- **Assignment**
Set down each line of the material that follows exactly, and leave its pictures out.

[Opening Available data section]

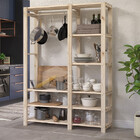 Arara Dupla  Organizadora Decorativa Com 6 Prateleiras Rustic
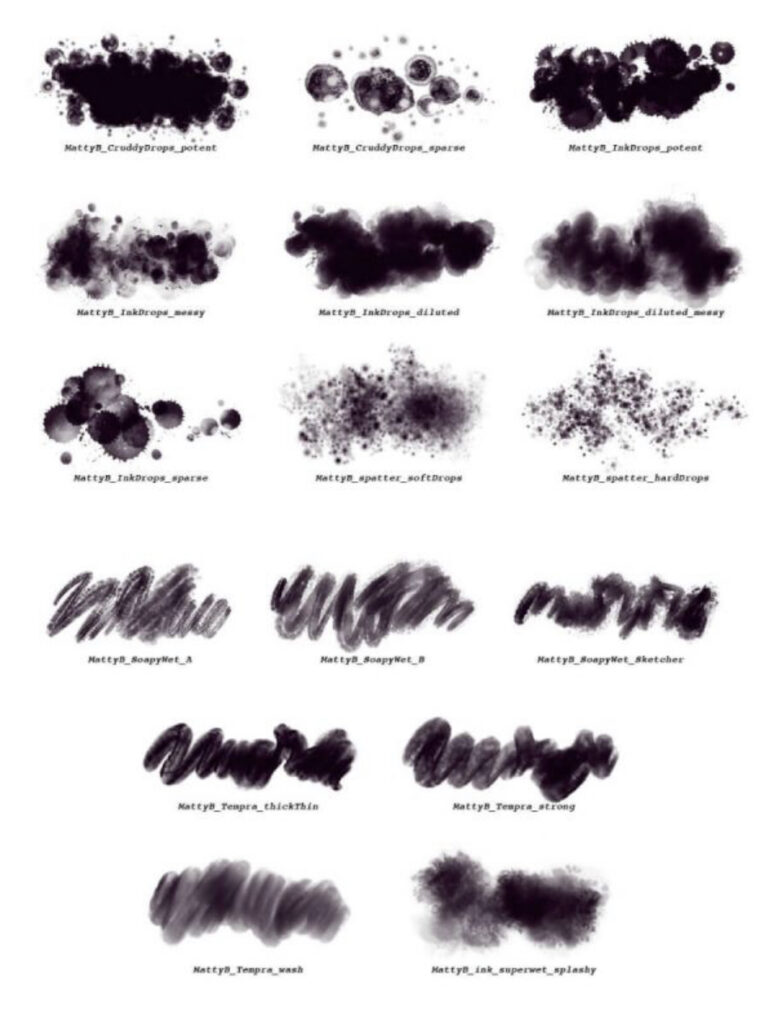 glass texture brush procreate - free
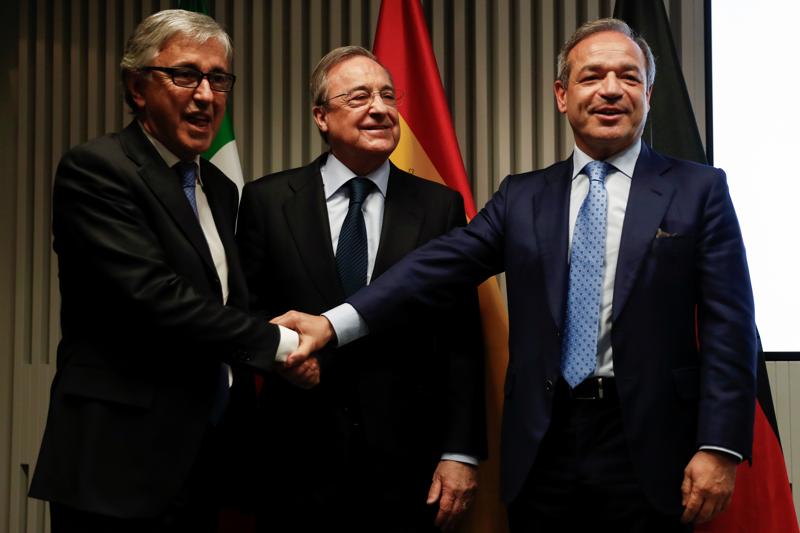 Florentino Pérez insiste con la Super Lega: dove c’è lui, ci sono i soldi Florentino Pérez insiste con la Super Lega: dove c’è lui, ci sono i soldi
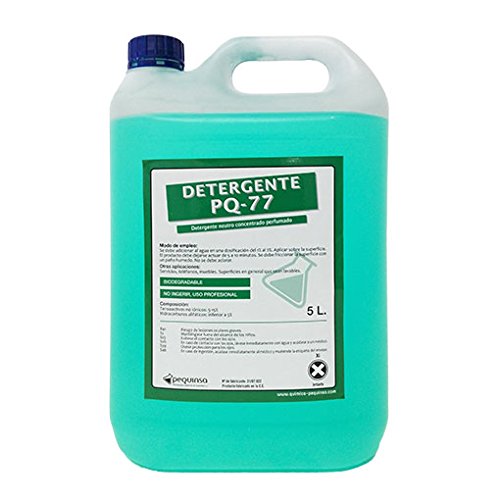 PEQUINSA Detergente higienizante Concentrado Neutro perfumado. Envase 5 litros.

[Closing Available data section]

- **Exercise answer**
 Arara Dupla  Organizadora Decorativa Com 6 Prateleiras Rustic
 glass texture brush procreate - free
 Florentino Pérez insiste con la Super Lega: dove c’è lui, ci sono i soldi Florentino Pérez insiste con la Super Lega: dove c’è lui, ci sono i soldi
 PEQUINSA Detergente higienizante Concentrado Neutro perfumado. Envase 5 litros.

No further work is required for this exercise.